XXII

A la tarde siguiente la señorita Maricela vuelve a pasar por mí en el mismo sitio. Subo a su auto.

Mi madre no se da cuenta porque está en su consultorio ocupada con toda esa gente que la visita.

Voy al motel con la señorita Maricela y vuelve a desnudarme. Me acaricia. Al ver el nuevo signo que mi madre ha trazado se detiene.

—Maldita sea, ¿qué te pasa ahora?

No comprendo a qué se refiere, únicamente sé que mi órgano de hombre no levanta y la veo llorar desconsolada y yo también lloro y salimos del motel y subimos al carro y me deja en la esquina de la que fuera mi antigua casa.

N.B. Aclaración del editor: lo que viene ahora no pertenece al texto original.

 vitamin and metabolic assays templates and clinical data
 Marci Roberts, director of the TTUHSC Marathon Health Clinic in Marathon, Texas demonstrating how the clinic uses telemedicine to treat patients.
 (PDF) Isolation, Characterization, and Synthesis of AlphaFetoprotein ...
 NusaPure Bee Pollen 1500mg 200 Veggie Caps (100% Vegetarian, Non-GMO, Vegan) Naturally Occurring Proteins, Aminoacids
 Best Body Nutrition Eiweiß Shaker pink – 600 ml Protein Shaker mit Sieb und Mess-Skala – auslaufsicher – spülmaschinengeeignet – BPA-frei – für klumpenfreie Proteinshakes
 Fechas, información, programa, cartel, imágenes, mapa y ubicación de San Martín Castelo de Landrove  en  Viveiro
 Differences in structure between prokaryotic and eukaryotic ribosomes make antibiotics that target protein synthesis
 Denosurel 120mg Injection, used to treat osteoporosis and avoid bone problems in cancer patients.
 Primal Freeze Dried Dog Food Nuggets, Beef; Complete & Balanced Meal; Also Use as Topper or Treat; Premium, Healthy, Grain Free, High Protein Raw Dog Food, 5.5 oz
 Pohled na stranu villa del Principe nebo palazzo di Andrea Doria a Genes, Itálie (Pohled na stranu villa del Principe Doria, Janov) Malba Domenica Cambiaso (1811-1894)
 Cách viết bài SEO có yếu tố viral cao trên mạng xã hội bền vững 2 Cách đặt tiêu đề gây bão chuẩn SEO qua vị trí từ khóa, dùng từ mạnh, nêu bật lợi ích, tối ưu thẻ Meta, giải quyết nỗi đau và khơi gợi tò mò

Parado, en medio de la calle, veo la silueta del anciano que cuida la construcción abandonada. Se llama Jacinto. Toda su vida trabajó picando piedra en la cantera de la autopista vieja. A pesar de su caminar encorvado, sus brazos permanecen fuertes, adivino sus manos callosas, su piel dura como escama.

El anciano mira mi sombra. Estoy seguro que no sabe quién soy, está a punto de quedar ciego. Ese fue uno de los motivos para que lo corrieran de la cantera. Cuando las explosiones era necesario sacarlo antes, pues al momento de alerta no atinaba a correr y ponerse a salvo por temor a tropezarse.

Es casi media noche cuando llego a casa.

Mi madre vuelve a preguntarme dónde estaba y le digo que nunca salí, que pasé todo el tiempo en mi cuarto. Ella duda un momento. No puede comprobar mi mentira, jamás entra a mi habitación, de cualquier forma me abofetea y aunque tengo el deseo de contarle la verdad prefiero decir otra mentira y entonces le cuento que estuve jugando en la calle con mis caracolas.

Afuera se escuchan tremendos ruidos de máquinas. El barrio está siendo destruido y algo habrá de ocurrir. No sé qué será exactamente.